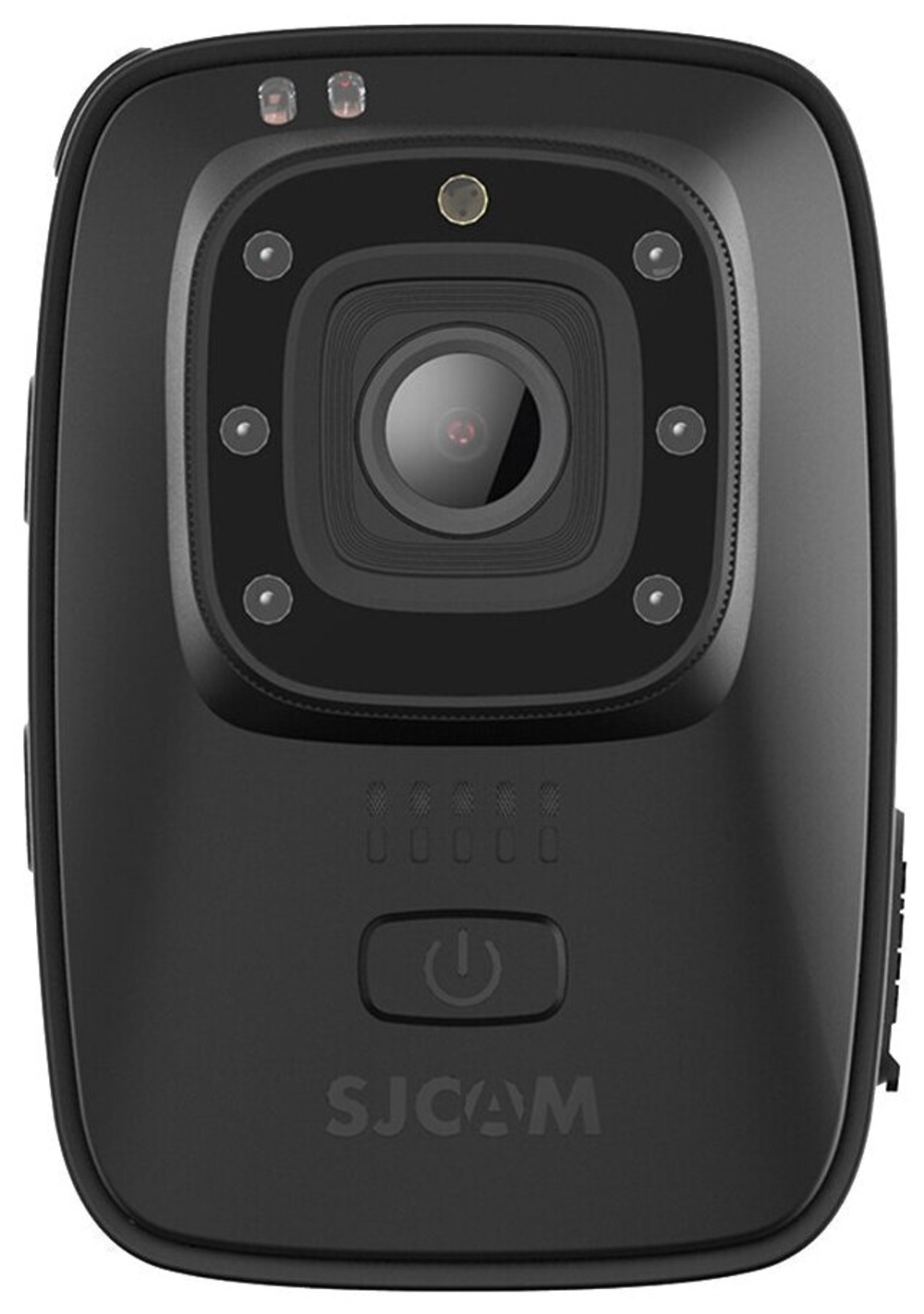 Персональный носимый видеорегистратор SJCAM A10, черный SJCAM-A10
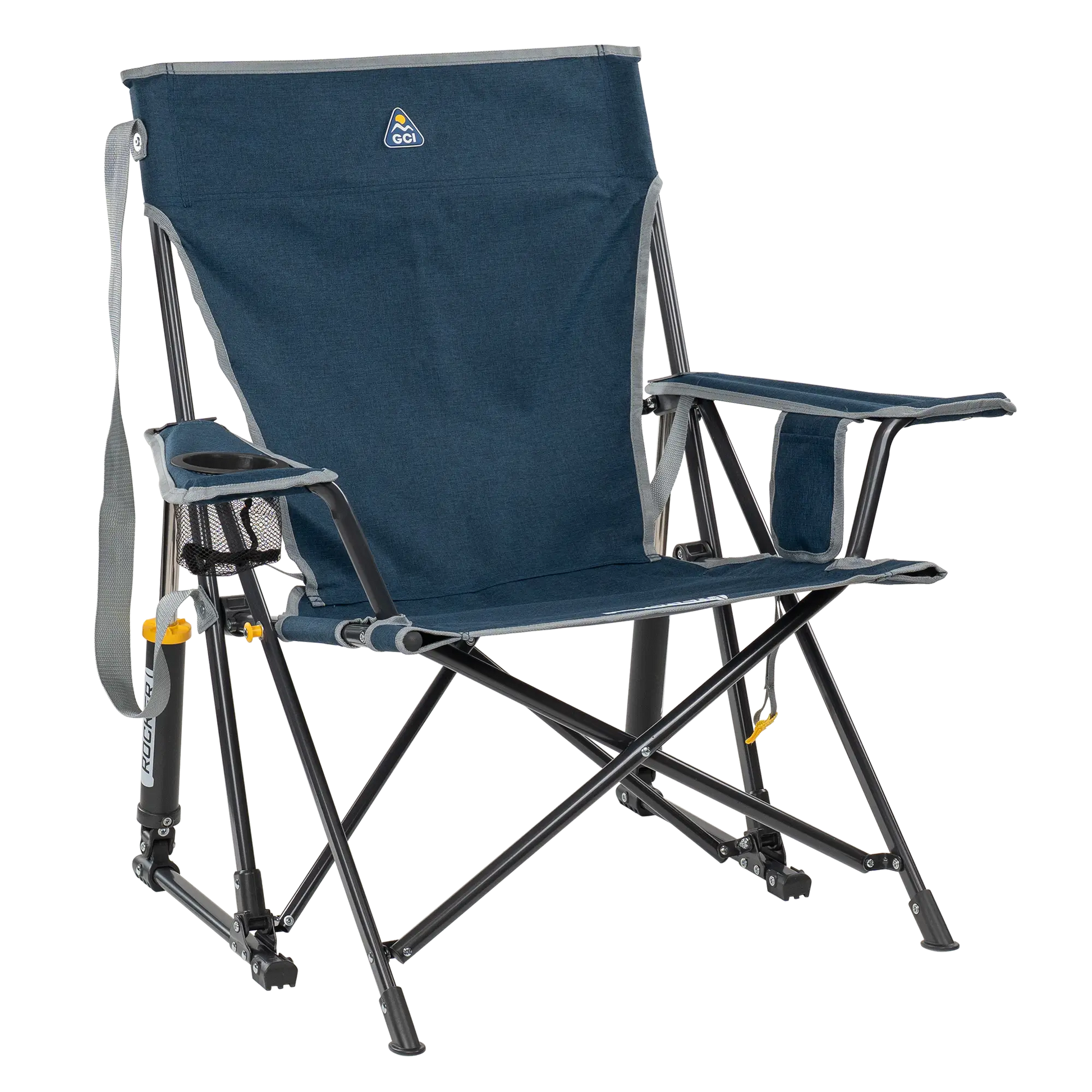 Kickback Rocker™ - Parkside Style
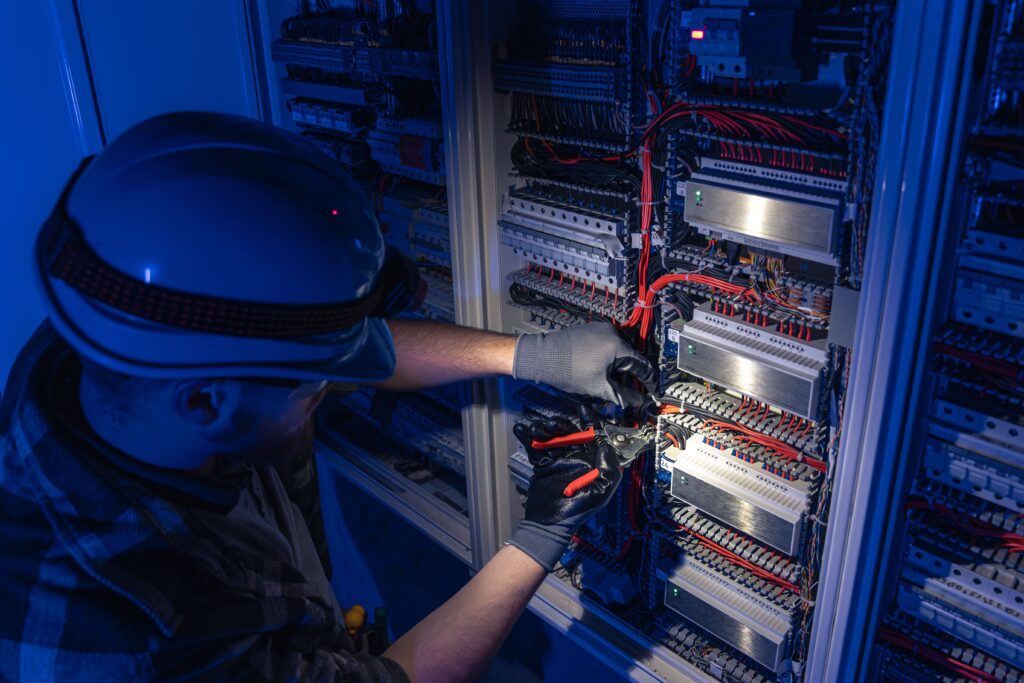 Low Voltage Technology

==

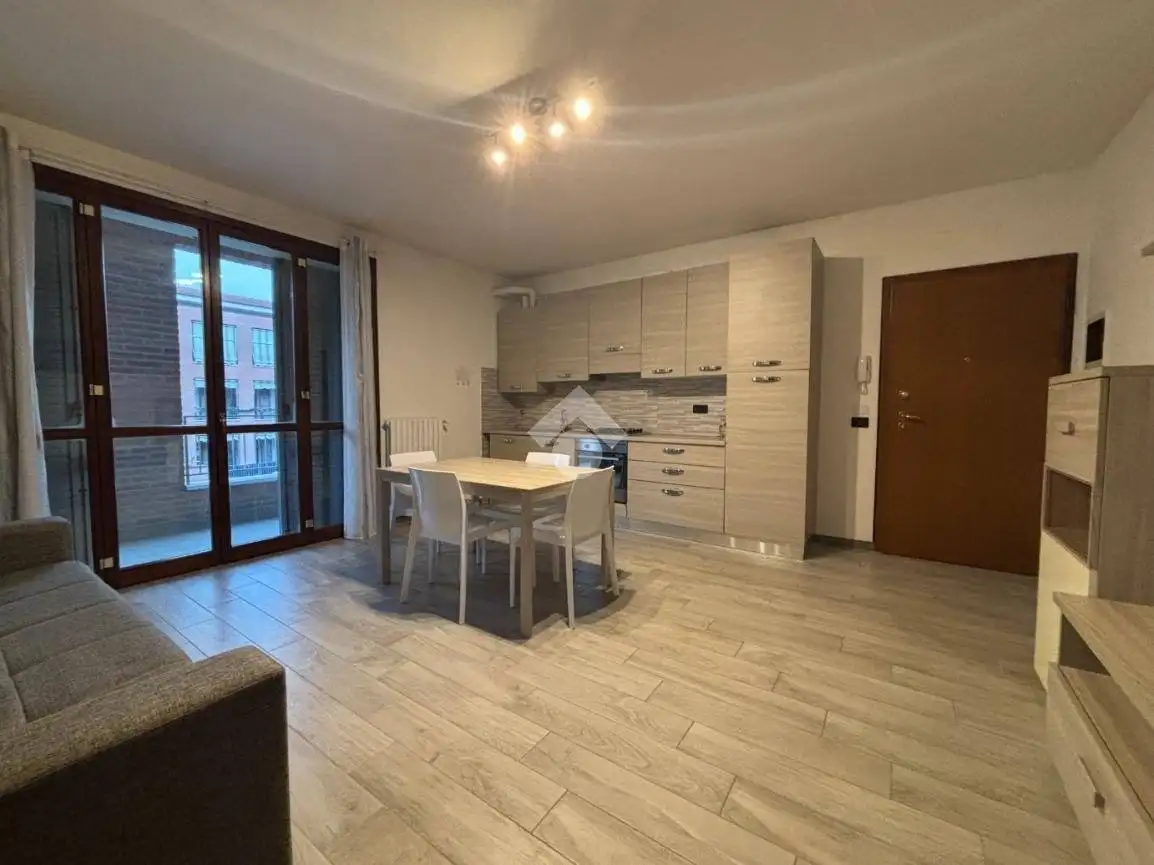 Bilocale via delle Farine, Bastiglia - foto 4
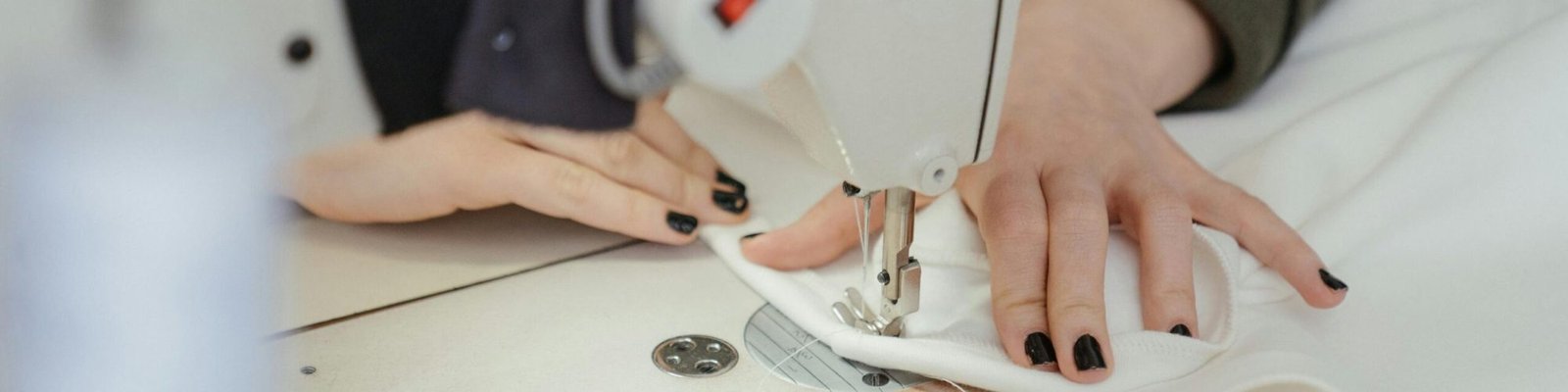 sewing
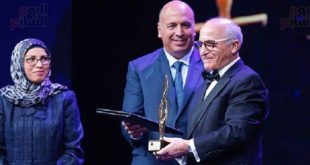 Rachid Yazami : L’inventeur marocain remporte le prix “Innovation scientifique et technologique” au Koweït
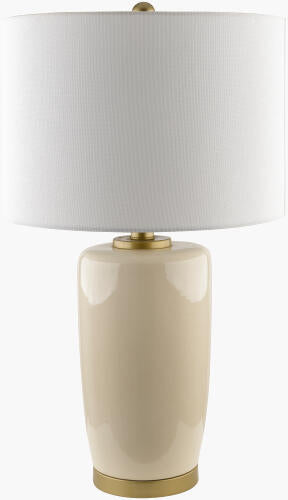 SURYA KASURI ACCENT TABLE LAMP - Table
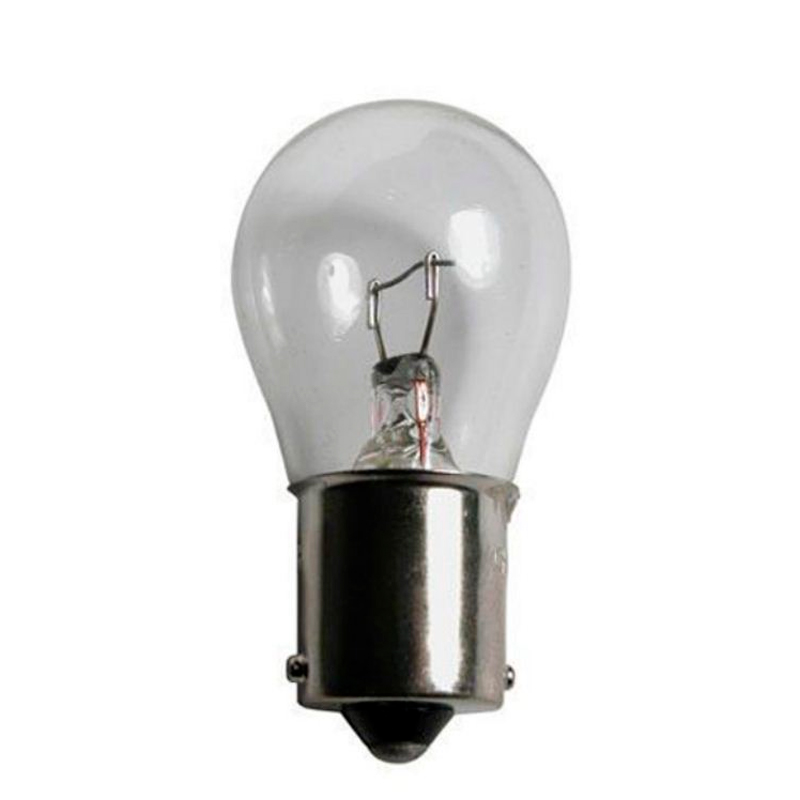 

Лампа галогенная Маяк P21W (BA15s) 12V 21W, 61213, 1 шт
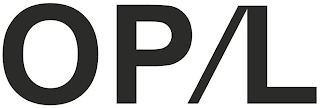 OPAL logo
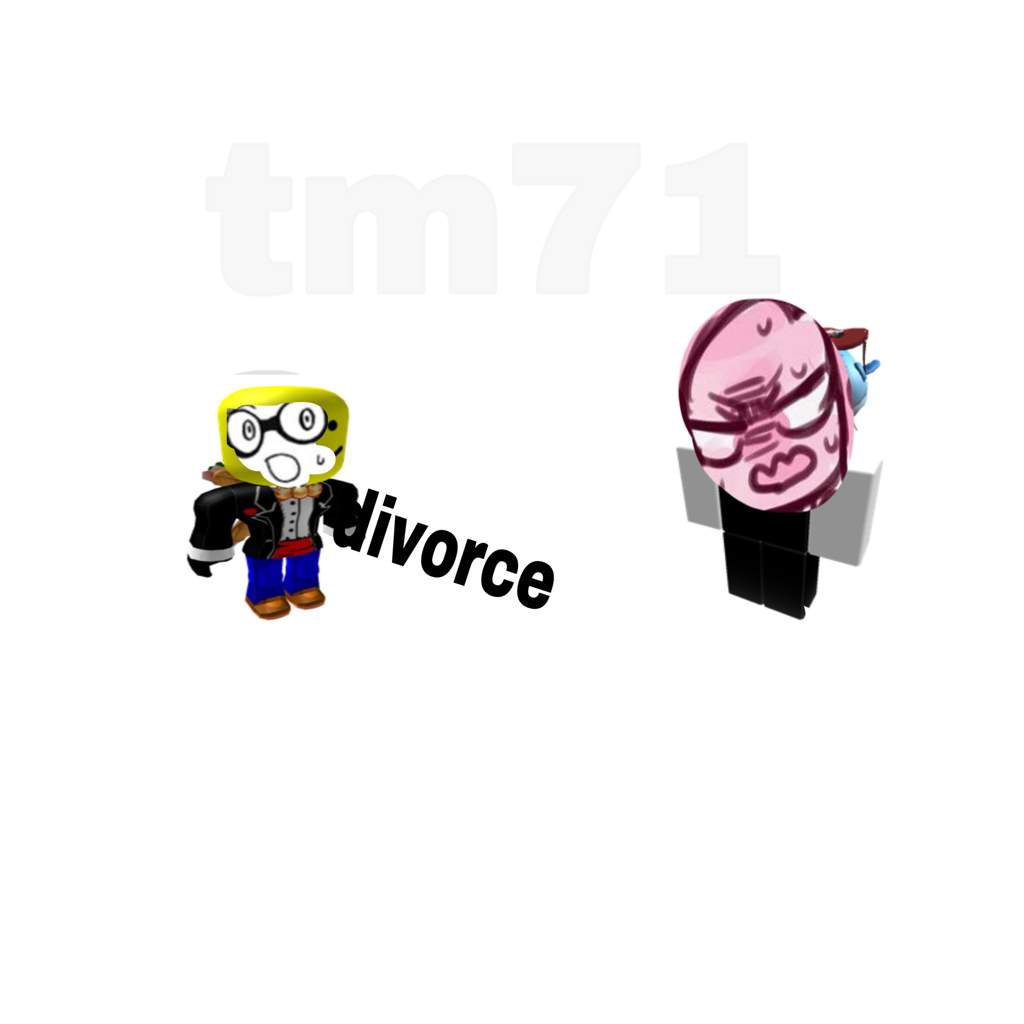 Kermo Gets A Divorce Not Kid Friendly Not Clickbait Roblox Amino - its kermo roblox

---

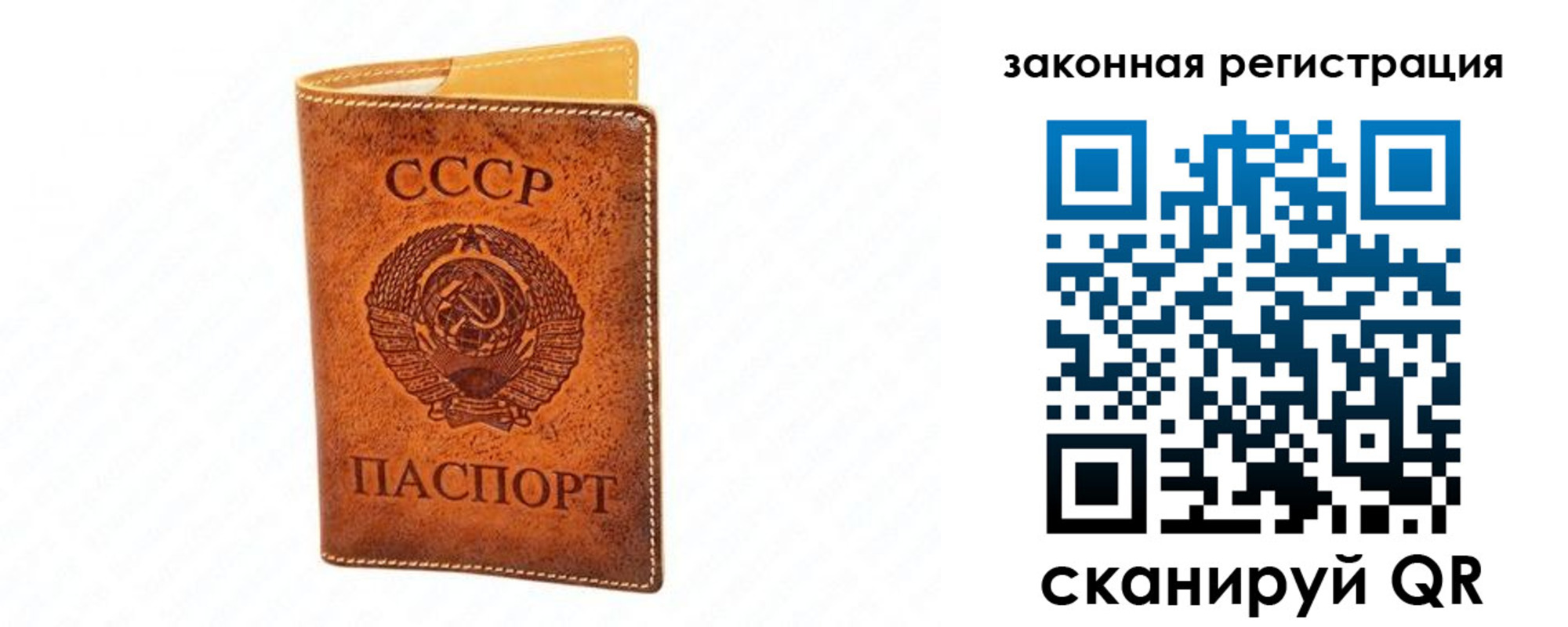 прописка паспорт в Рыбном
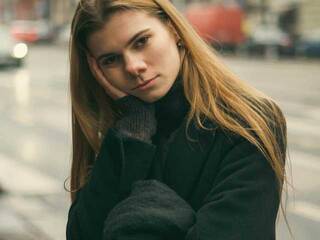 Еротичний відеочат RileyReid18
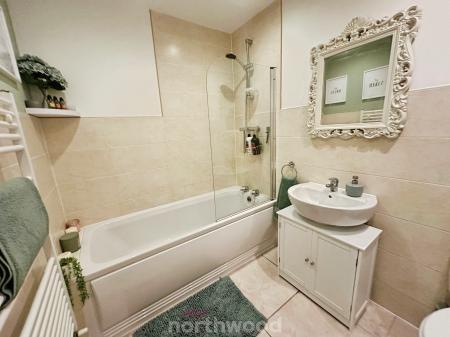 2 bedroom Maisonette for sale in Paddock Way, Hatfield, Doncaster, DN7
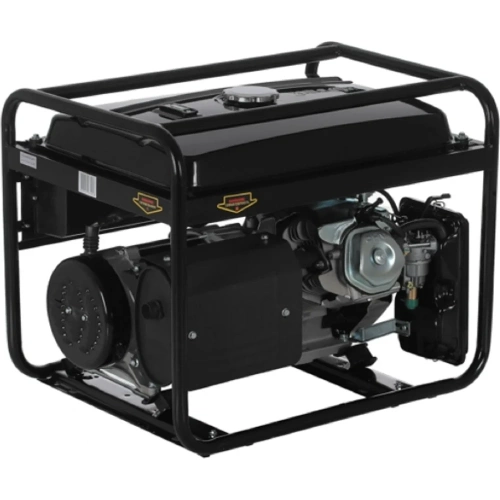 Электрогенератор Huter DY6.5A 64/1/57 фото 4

== What to produce ==
For the data above, set down exactly the lines from the line with "Kickback Rocker™ - Parkside Style" to the line with "Low Voltage Technology", both included, leaving pictures out.

== Solution to this problem ==
 Kickback Rocker™ - Parkside Style
 Low Voltage Technology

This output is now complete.